» Problem: Nothing but the text should be carried over: reproduce all the data exactly and leave out every image.

..............................

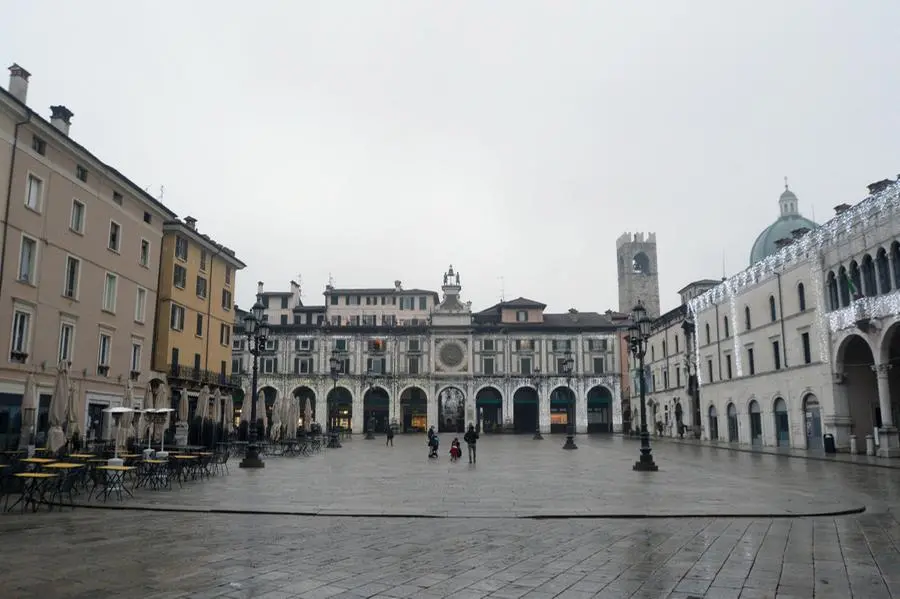 Brescia il primo giorno di zona rossa, 24 dicembre 2020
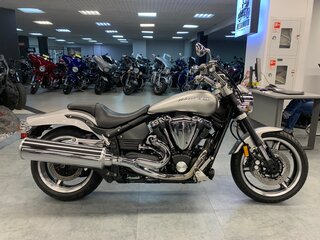 2005 Yamaha XV 1700 Warrior, серый, 990000 рублей, вид 1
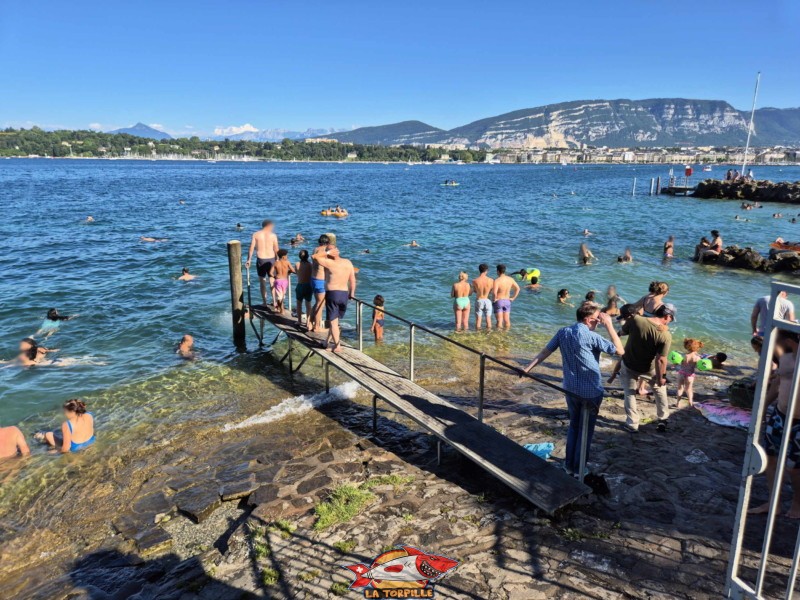 partie nord de la plage de Perle du Lac.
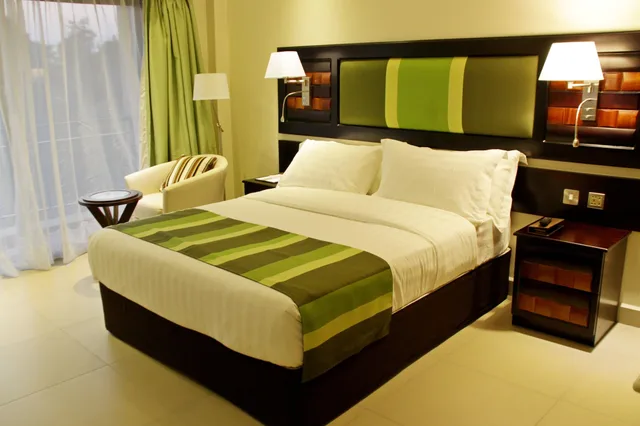 غرفة ديلوكس بسرير كوين، Best Western Premier Garden Hotel Entebbe 1/7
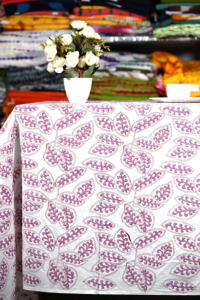 Manteles de Algodón 100% Estampados a Mano Sanagneri para Decoración del Hogar de Lujo - Diseño Moderno Ecológico y Reutilizable para el Hogar y Eventos - Product Image 2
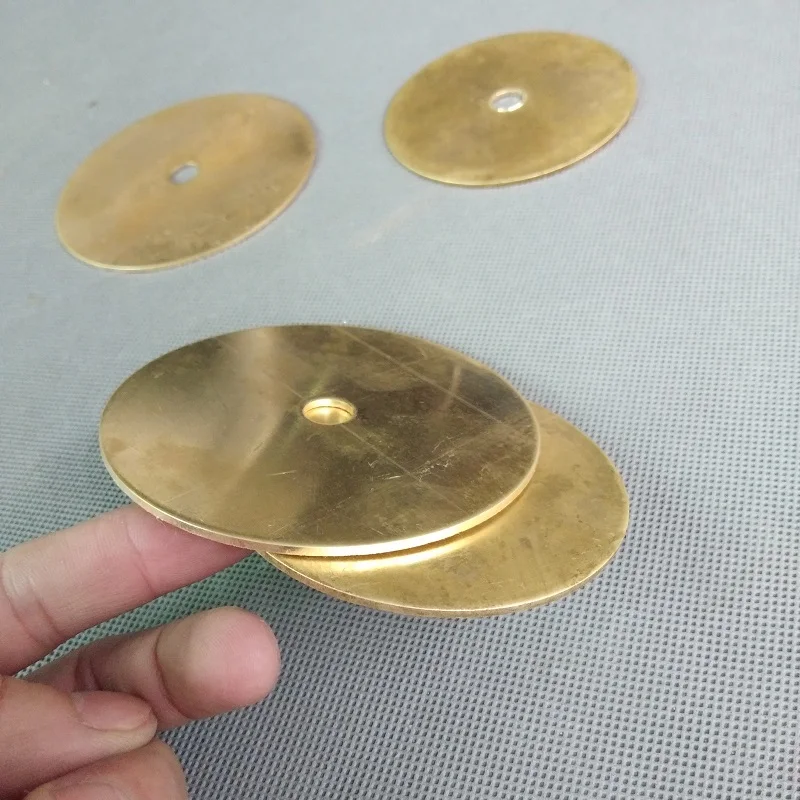 

2pcs/lot 20/30/50/60/70/90/180mm pure brass copper disc. with 10mm central holes brass Copper Sheet lighting accessories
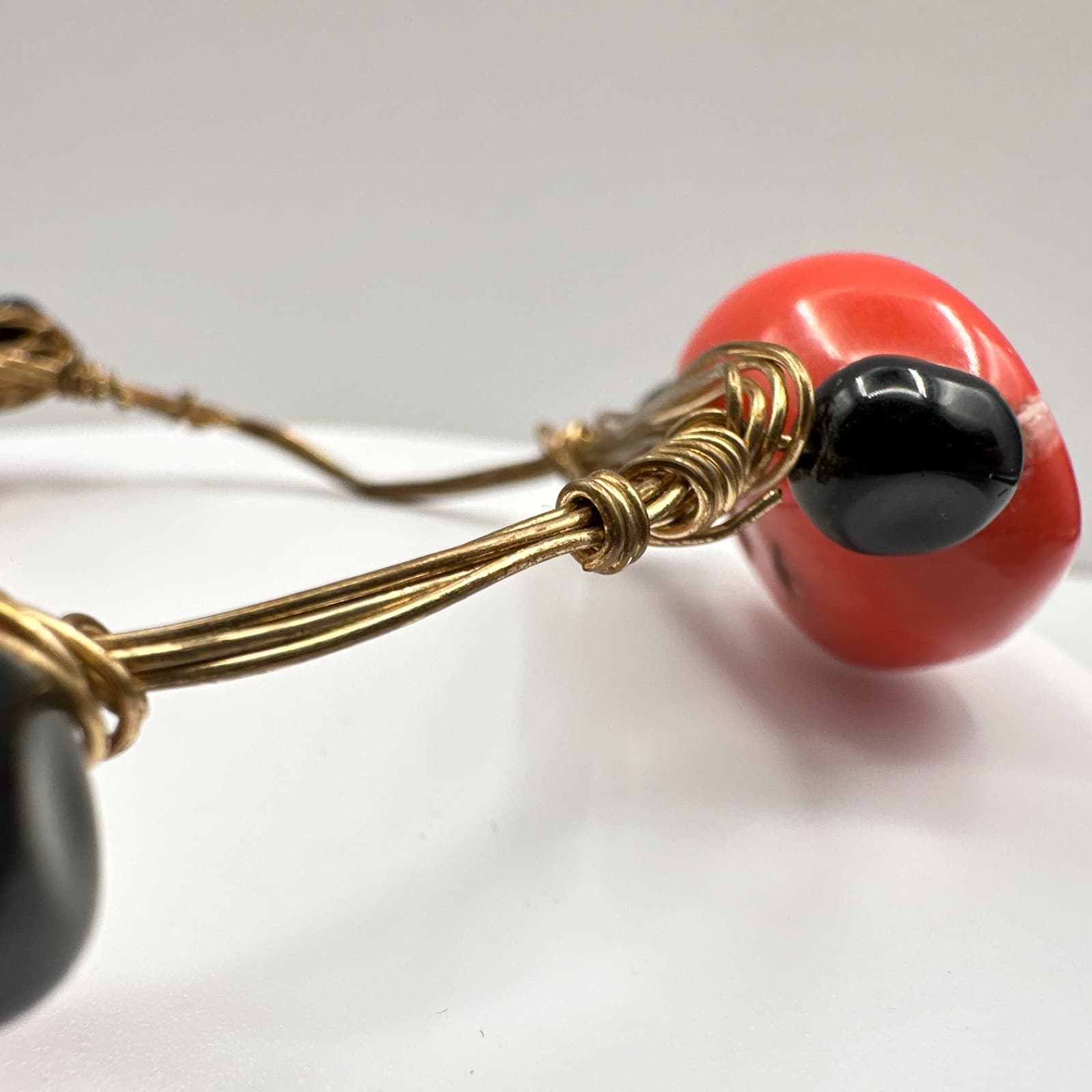 Vintage 90s Red Coral Black Bead Wire Wrapped Bracelet Boho Women's Jewelry - Thumbnail 6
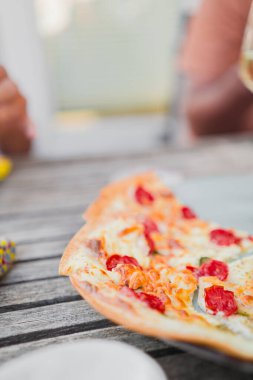 Taze Tarte Flambe ile Creme Fraiche ve Domates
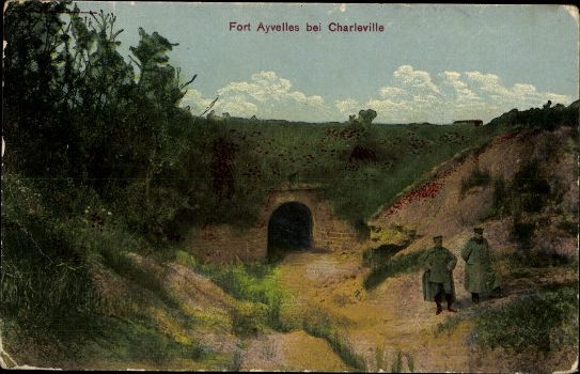 10 alte AK Charleville Mézières Ardennes, verschiedene Ansichten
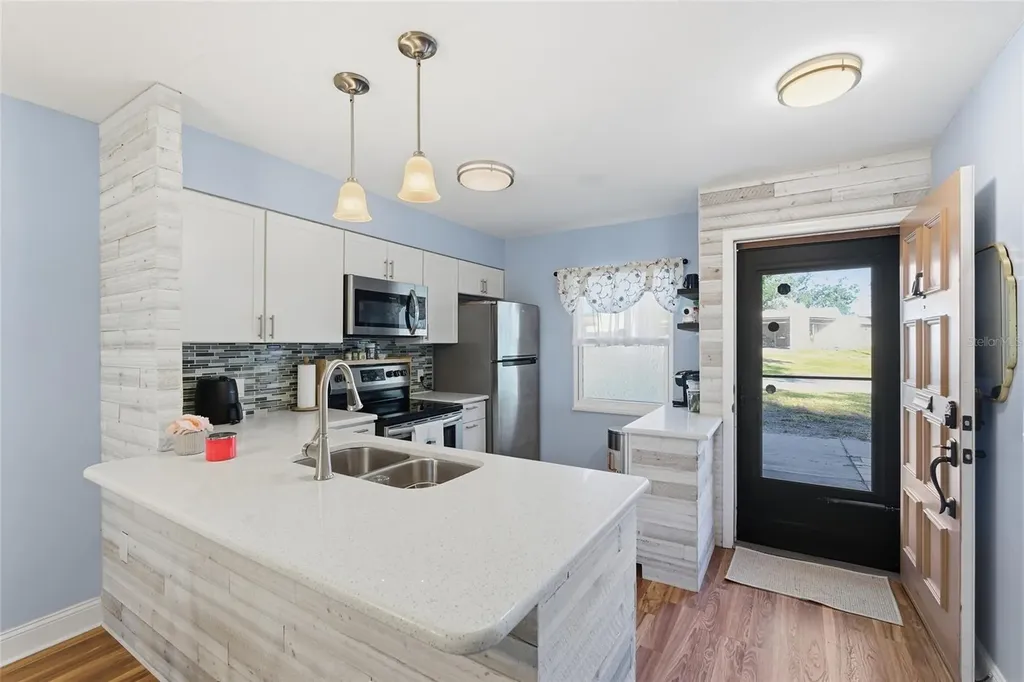 2935 Feather Drive Clearwater FL 33759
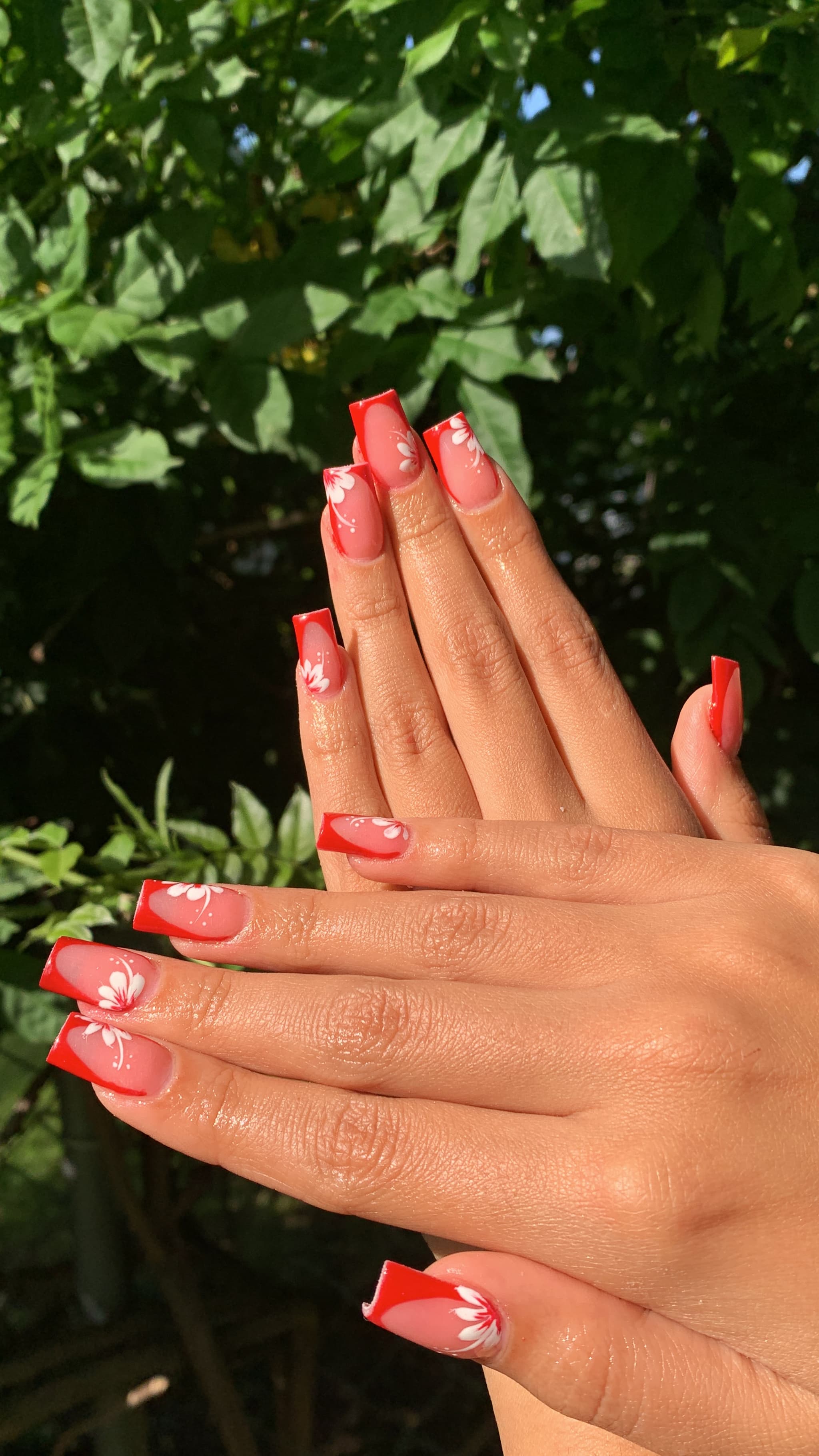 Stylish pink nail design
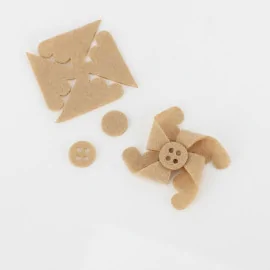 Vente en ligne Kit 12 moulins à vent en tissu feutrine couleur unie à assembler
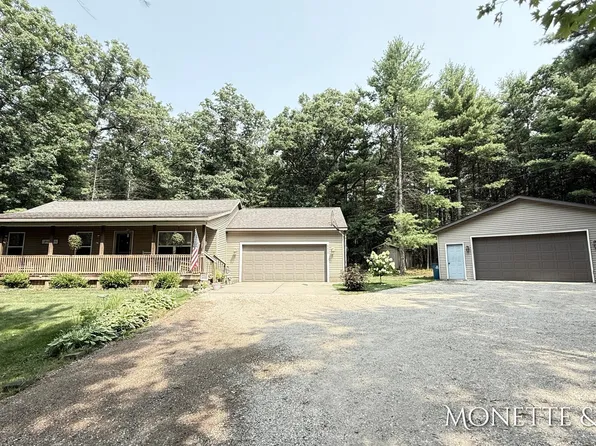 6472 15th St, Twin Lake, MI 49457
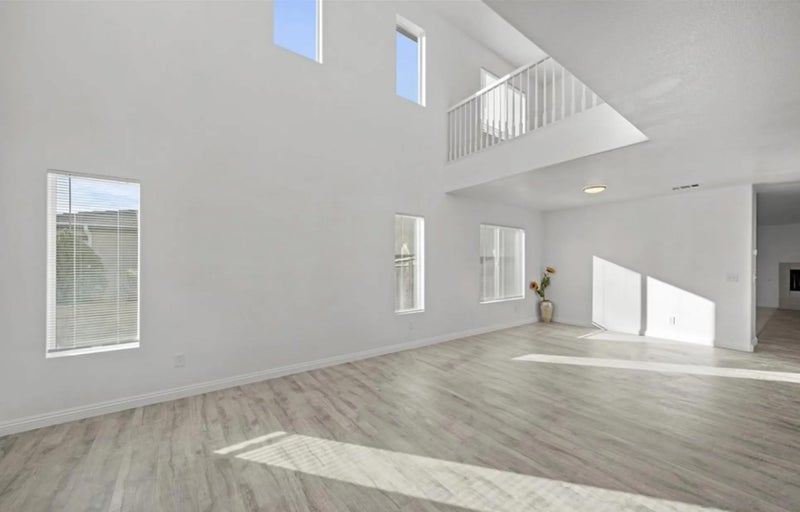 4190 Rainbow View Way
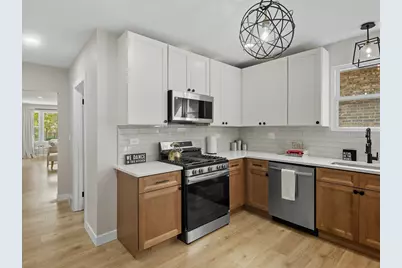 8442 S Kingston Avenue, Chicago, IL 60617 - Photo 10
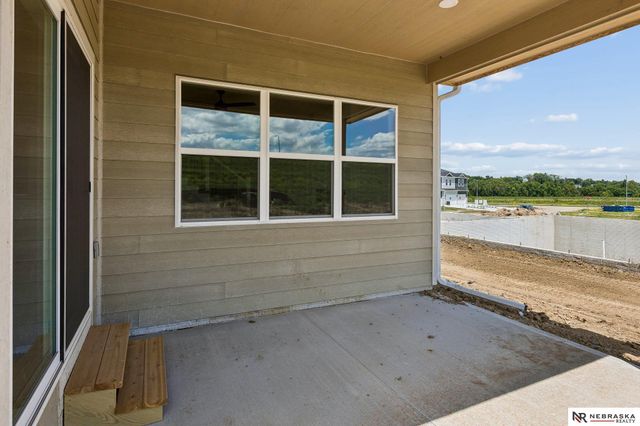 16101 Isabella Street, Bennington, NE 68007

..............................

» Answer to this problem:
 Brescia il primo giorno di zona rossa, 24 dicembre 2020
 2005 Yamaha XV 1700 Warrior, серый, 990000 рублей, вид 1
 partie nord de la plage de Perle du Lac.
 غرفة ديلوكس بسرير كوين، Best Western Premier Garden Hotel Entebbe 1/7
 Manteles de Algodón 100% Estampados a Mano Sanagneri para Decoración del Hogar de Lujo - Diseño Moderno Ecológico y Reutilizable para el Hogar y Eventos - Product Image 2

2pcs/lot 20/30/50/60/70/90/180mm pure brass copper disc. with 10mm central holes brass Copper Sheet lighting accessories
 Vintage 90s Red Coral Black Bead Wire Wrapped Bracelet Boho Women's Jewelry - Thumbnail 6
 Taze Tarte Flambe ile Creme Fraiche ve Domates
 10 alte AK Charleville Mézières Ardennes, verschiedene Ansichten
 2935 Feather Drive Clearwater FL 33759
 Stylish pink nail design
 Vente en ligne Kit 12 moulins à vent en tissu feutrine couleur unie à assembler
 6472 15th St, Twin Lake, MI 49457
 4190 Rainbow View Way
 8442 S Kingston Avenue, Chicago, IL 60617 - Photo 10
 16101 Isabella Street, Bennington, NE 68007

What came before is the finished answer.